__GOAL OF THE EXERCISE__
Retype, word for word, every line of the records below starting at the one that contains "BELLA+CANVAS Unisex Heather" and ending at the one that contains "Vince Splittable Wool-Blend"; include both of those lines and nothing more.

__RECORDS TO USE__
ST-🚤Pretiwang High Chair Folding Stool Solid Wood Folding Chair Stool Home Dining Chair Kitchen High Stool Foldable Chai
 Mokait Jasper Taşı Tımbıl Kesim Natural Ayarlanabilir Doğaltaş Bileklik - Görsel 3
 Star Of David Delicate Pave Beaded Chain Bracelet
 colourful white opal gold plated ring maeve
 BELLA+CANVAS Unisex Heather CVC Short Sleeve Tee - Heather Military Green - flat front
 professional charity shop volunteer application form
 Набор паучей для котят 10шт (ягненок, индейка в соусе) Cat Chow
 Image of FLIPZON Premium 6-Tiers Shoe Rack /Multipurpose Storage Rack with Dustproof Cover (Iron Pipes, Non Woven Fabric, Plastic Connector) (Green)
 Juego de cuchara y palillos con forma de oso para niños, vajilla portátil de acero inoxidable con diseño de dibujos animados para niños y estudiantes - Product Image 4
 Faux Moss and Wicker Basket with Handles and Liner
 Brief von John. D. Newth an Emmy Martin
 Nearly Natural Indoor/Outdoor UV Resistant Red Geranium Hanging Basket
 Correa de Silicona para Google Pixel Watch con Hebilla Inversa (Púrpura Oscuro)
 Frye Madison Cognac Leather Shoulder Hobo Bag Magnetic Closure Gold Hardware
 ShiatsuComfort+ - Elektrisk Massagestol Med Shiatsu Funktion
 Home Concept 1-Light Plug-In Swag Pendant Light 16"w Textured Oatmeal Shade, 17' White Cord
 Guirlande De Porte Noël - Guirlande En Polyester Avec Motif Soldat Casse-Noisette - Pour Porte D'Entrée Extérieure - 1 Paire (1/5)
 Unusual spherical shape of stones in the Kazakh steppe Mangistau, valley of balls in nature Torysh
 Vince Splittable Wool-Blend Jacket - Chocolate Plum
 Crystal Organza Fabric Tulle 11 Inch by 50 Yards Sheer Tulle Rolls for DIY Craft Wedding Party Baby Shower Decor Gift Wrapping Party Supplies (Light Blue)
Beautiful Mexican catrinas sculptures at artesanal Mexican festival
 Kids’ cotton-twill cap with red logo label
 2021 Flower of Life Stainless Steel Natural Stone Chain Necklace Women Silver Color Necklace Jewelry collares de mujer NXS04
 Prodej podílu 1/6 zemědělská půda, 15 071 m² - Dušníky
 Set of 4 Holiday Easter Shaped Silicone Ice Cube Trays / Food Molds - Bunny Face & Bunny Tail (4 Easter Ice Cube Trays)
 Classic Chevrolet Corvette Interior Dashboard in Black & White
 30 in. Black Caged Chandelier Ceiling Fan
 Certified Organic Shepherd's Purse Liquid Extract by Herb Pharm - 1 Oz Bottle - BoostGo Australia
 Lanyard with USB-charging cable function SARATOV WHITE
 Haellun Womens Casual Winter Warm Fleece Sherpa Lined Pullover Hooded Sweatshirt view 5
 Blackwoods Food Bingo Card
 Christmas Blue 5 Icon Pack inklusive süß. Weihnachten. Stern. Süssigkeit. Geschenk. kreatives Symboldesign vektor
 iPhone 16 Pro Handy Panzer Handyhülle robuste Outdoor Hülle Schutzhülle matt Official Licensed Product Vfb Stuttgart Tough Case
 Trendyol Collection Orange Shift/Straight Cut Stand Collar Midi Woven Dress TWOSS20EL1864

__OUTPUT__
 BELLA+CANVAS Unisex Heather CVC Short Sleeve Tee - Heather Military Green - flat front
 professional charity shop volunteer application form
 Набор паучей для котят 10шт (ягненок, индейка в соусе) Cat Chow
 Image of FLIPZON Premium 6-Tiers Shoe Rack /Multipurpose Storage Rack with Dustproof Cover (Iron Pipes, Non Woven Fabric, Plastic Connector) (Green)
 Juego de cuchara y palillos con forma de oso para niños, vajilla portátil de acero inoxidable con diseño de dibujos animados para niños y estudiantes - Product Image 4
 Faux Moss and Wicker Basket with Handles and Liner
 Brief von John. D. Newth an Emmy Martin
 Nearly Natural Indoor/Outdoor UV Resistant Red Geranium Hanging Basket
 Correa de Silicona para Google Pixel Watch con Hebilla Inversa (Púrpura Oscuro)
 Frye Madison Cognac Leather Shoulder Hobo Bag Magnetic Closure Gold Hardware
 ShiatsuComfort+ - Elektrisk Massagestol Med Shiatsu Funktion
 Home Concept 1-Light Plug-In Swag Pendant Light 16"w Textured Oatmeal Shade, 17' White Cord
 Guirlande De Porte Noël - Guirlande En Polyester Avec Motif Soldat Casse-Noisette - Pour Porte D'Entrée Extérieure - 1 Paire (1/5)
 Unusual spherical shape of stones in the Kazakh steppe Mangistau, valley of balls in nature Torysh
 Vince Splittable Wool-Blend Jacket - Chocolate Plum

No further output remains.